Even if you set the derivative to 0, the equation you get might not be possible to solve analytically all the time, and that’s when iterative methods like gradient descent can help to find a close best solution.

1 Like

In addition putting the derivative term to 0 would result in large no of critical points for high dimensional feature, most of which would be poor local minima

Hey @chaohan , let me continue the discussion by giving examples of when w can be solved analytically as you described in the question, and when can’t.

We can: linear regression
In W1 Video (4:13) “Gradient descent for linear regression” we know the the gradients are

\frac{\partial{J}}{\partial{w}} = \frac{1}{m} \sum_{i=1}^{m}{(wx^{(i)}+b-y^{(i)})x^{(i)}}
\frac{\partial{J}}{\partial{b}} = \frac{1}{m} \sum_{i=1}^{m}{(wx^{(i)}+b-y^{(i)})}

And putting them zero as you said, we can rewrite them as
\frac{1}{m} (S_{xx}w+S_xb-S_{xy}) = 0
\frac{1}{m} (S_xw + mb - S_y) = 0

or

S_{xx}w+S_xb= S_{xy}
S_xw + mb = S_y

where S_{xx} = \sum_{i=1}^{m}{x^{(i)}x^{(i)}}, S_{xy} = \sum_{i=1}^{m}{x^{(i)}y^{(i)}}, S_{x} = \sum_{i=1}^{m}{x^{(i)}}, S_{y} = \sum_{i=1}^{m}{y^{(i)}}

We can then solve w and b with the last 2 equations thanks to the fact that both w and b can be taken out of the summation sign as common factors.

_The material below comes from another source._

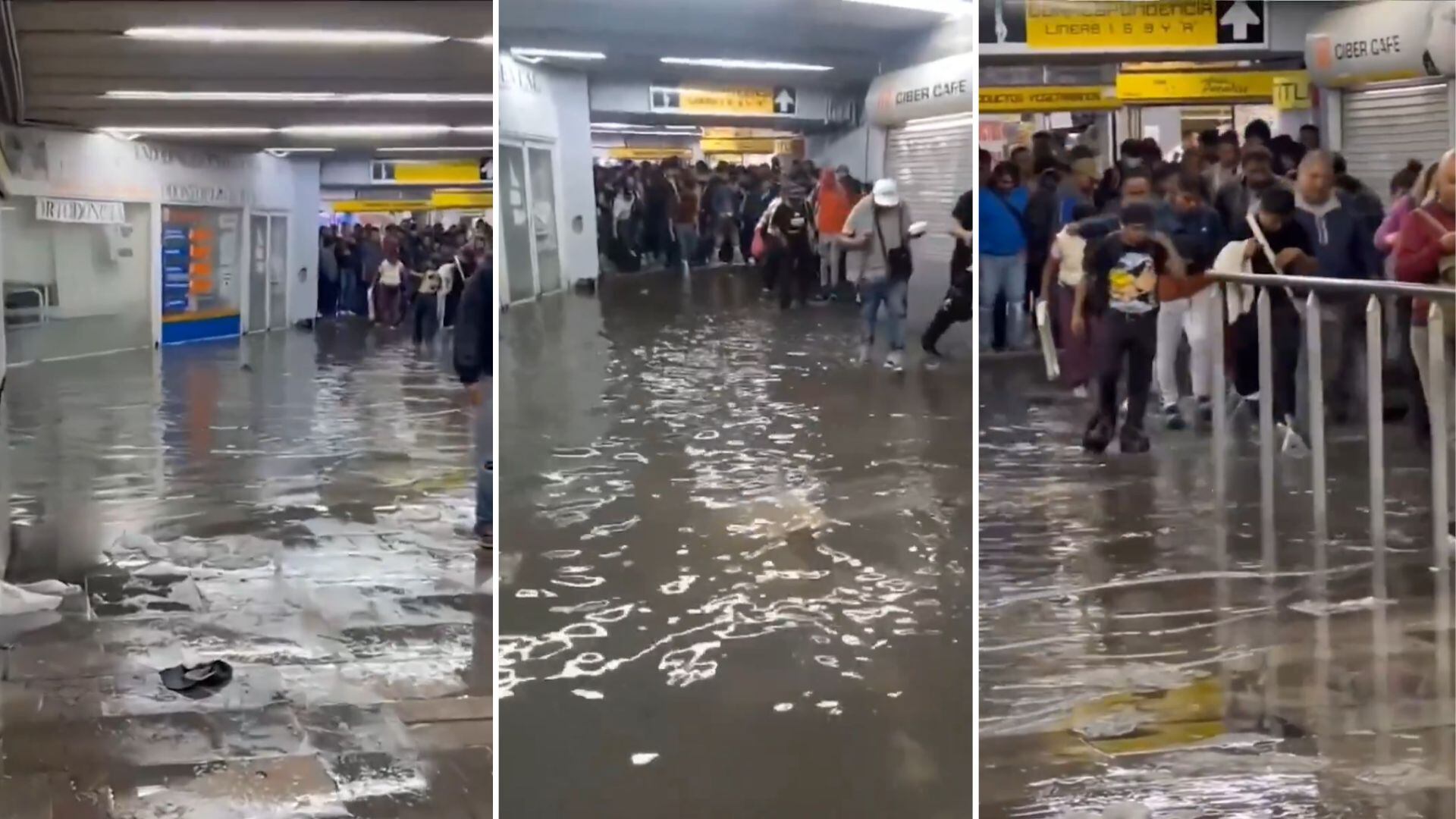 Inundación Pantitlán Línea 5 Metro- 18 julio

w = \frac{S_{xy} - \frac{S_xS_y}{m}}{S_{xx}-\frac{S_xS_x}{m}}
b = \frac{S_y-wS_x}{m}

@tharunnayak14 shared the matrix version of the same solution, and embedded both w and b inside \hat\theta.

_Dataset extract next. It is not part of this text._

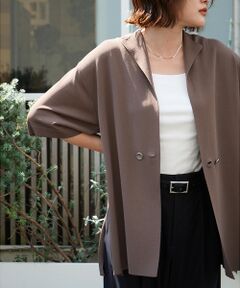 qualite / カリテ テーラードジャケット | 【セットアップ対応】接触冷感/レーヨンナイロンニットジャケット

We (almost always) can’t: logistic regression
In W3 video you can see that the gradients are

\frac{\partial{J}}{\partial{w}} = \frac{1}{m} \sum_{i=1}^{m}{( \frac{1}{1+ \exp(-wx^{(i)}-b)}-y^{(i)})x^{(i)}}
\frac{\partial{J}}{\partial{b}} = \frac{1}{m} \sum_{i=1}^{m}{(\frac{1}{1+ \exp(-wx^{(i)}-b)}-y^{(i)})}

Again, putting them zeros,

\sum_{i=1}^{m}{ \frac{x^{(i)}}{1+ \exp(-wx^{(i)}-b)}}-S_{xy} = 0
\sum_{i=1}^{m}{ \frac{1}{1+ \exp(-wx^{(i)}-b)}}-S_{y} = 0

This time, however, b and w can’t be taken outside of the summation sign as common factors, which makes it very challenging to analytically find the solution for w and b. I have tried to do this with m=2 (only 2 data samples) myself and if my maths is not wrong, my solution is

w = - \frac{\ln(\frac{1}{y^{(1)}}-1) - \ln(\frac{1}{y^{(2)}}-1)}{x^{(1)} - x^{(2)}}
b = -\ln(\frac{1}{y^{(1)}}-1) - wx^{(1)}

However, as m grows, it will be very difficult. I have written down my solution for m=2, but the point is, if there is no general form for the solution of w and b for all values of m, we can’t solve logistic regression like the way we can for linear regression.

This paper finds a analytical solution for logistic regression with the condition that all predictors (meaning all the x's) are categorical variables, but I have never seen an analytical solution that is generally for continuous x's.

Lastly, when there is no analytical solution, we can go to numerical solution which is what gradient descent belongs to.

2 Likes

Thank you @rmwkwok for the detailed example. I haven’t reached the W3 videos yet, but I do see in later W1 videos it says the normal equation method becomes slower with more features. Your example definitely helps me understand that idea better.